We apply the Tensor-Backflow method to investigate the Fermi-Hubbard model on two-dimensional lattices up to 256 sites, exploring various interaction strengths U, electron fillings n, next-nearest-neighbor hopping t', and boundary conditions. By considering backflow terms from nearest- or next-nearest-neighbor sites, we achieve competitive results without enforcing geometric symmetries on the variational wave-function. The optimizations were stable from a prior unrestrictied Hartree-Fock state, followed by adding backflow corrections. Meanwhile, changing interaction strengths in the prior unrestrictied Hartree-Fock state is helpful to bypass the local minima. When t'=0, by considering nearest-neighbor backflow terms, linear stripe order emerges successfully for the case of n=0.875 and U=8 on a 16 × 16 lattice with periodic boundary conditions.
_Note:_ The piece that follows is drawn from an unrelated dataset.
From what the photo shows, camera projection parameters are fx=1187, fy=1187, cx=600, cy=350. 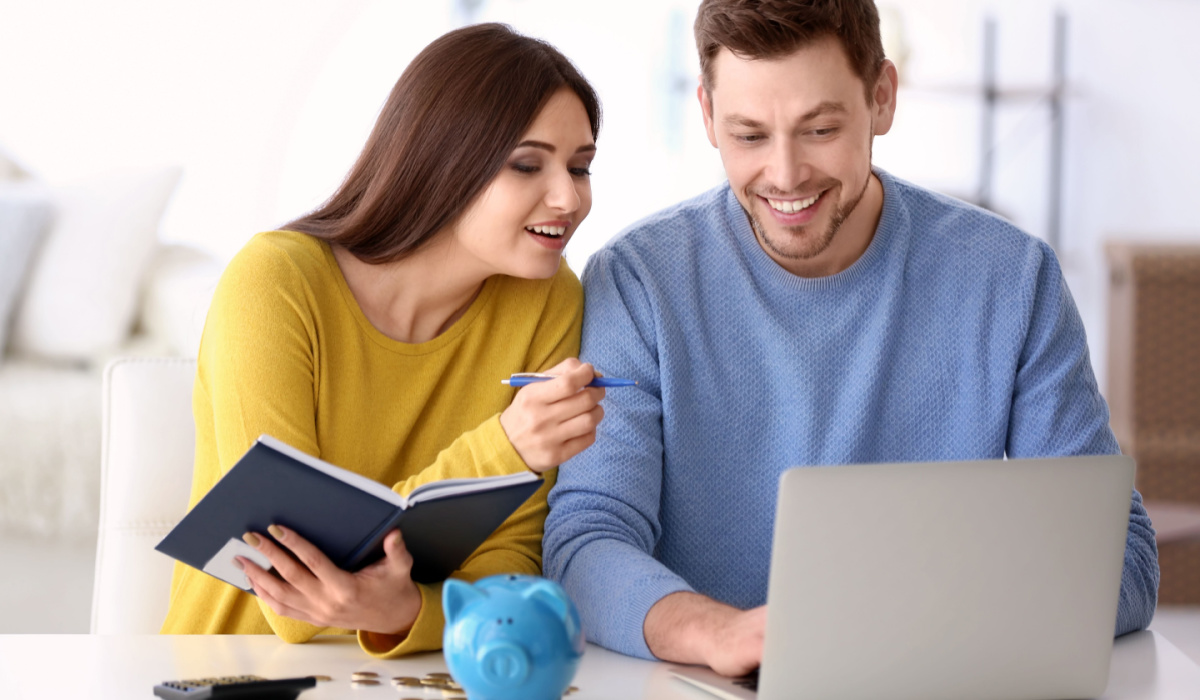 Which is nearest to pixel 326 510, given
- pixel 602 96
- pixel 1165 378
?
pixel 1165 378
In a similar case with open boundary conditions, the energy obtained is only 4.5 × 10-4 higher than the state-of-the-art method fPEPS with bond dimension D=20. Compared to state-of-the-art neural network methods, the energies obtained using the Tensor-Backflow approach are competitive, with relative errors below 5 × 10-3. For n=0.8 and n=0.9375, direct optimizations yield results consistent with the phase diagram from AFQMC. When t'=-0.2, considering next-nearest-neighbor backflow terms leads to energies that are either competitive with or even lower than those from state-of-the-art neural network approaches. For instance, for n=0.875 and U=8 on a 12 × 12 lattice with periodic boundary conditions, the energy obtained is 8.1 × 10-4 lower than that from the neural network result. Thus, the Tensor-Backflow method demonstrates strong representational capabilities for solving the Fermi-Hubbard model.